TASK TO CARRY OUT
For the data below, transcribe the part that opens with the line containing "4 sovrum Villa" and closes with the line containing "Montecalvario Apartment |", exactly and with no pictures.

DATA LISTING
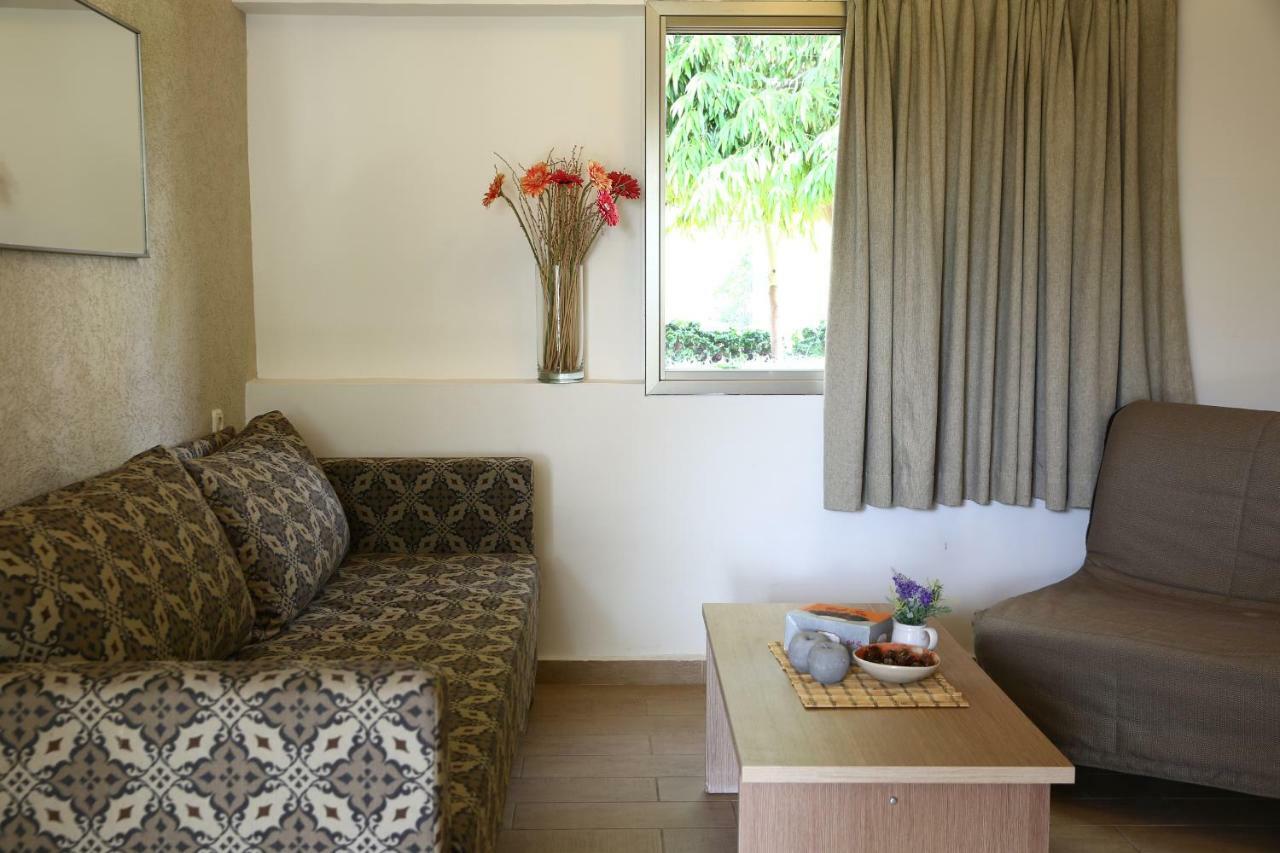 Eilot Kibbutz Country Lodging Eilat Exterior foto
---
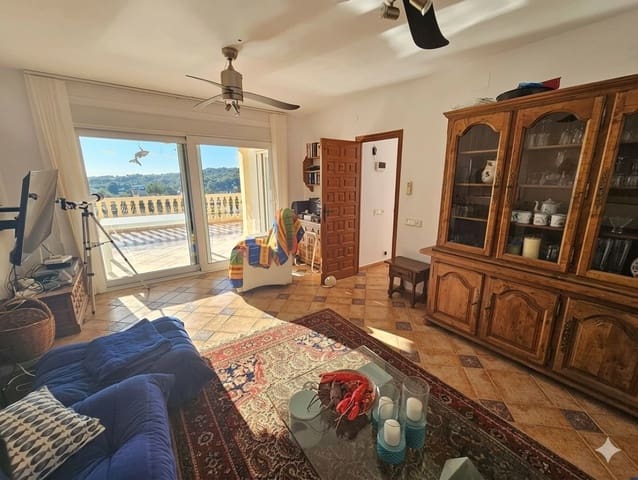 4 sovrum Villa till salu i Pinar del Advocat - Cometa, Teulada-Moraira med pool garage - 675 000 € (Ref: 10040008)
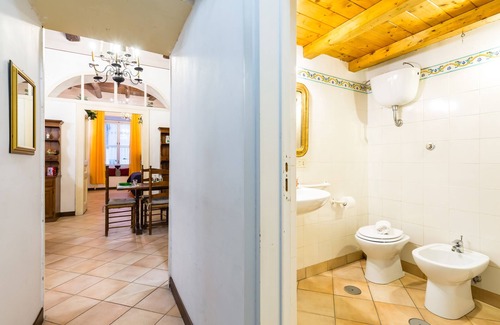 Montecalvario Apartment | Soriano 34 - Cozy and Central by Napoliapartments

EXERCISE RESPONSE
 4 sovrum Villa till salu i Pinar del Advocat - Cometa, Teulada-Moraira med pool garage - 675 000 € (Ref: 10040008)
 Montecalvario Apartment | Soriano 34 - Cozy and Central by Napoliapartments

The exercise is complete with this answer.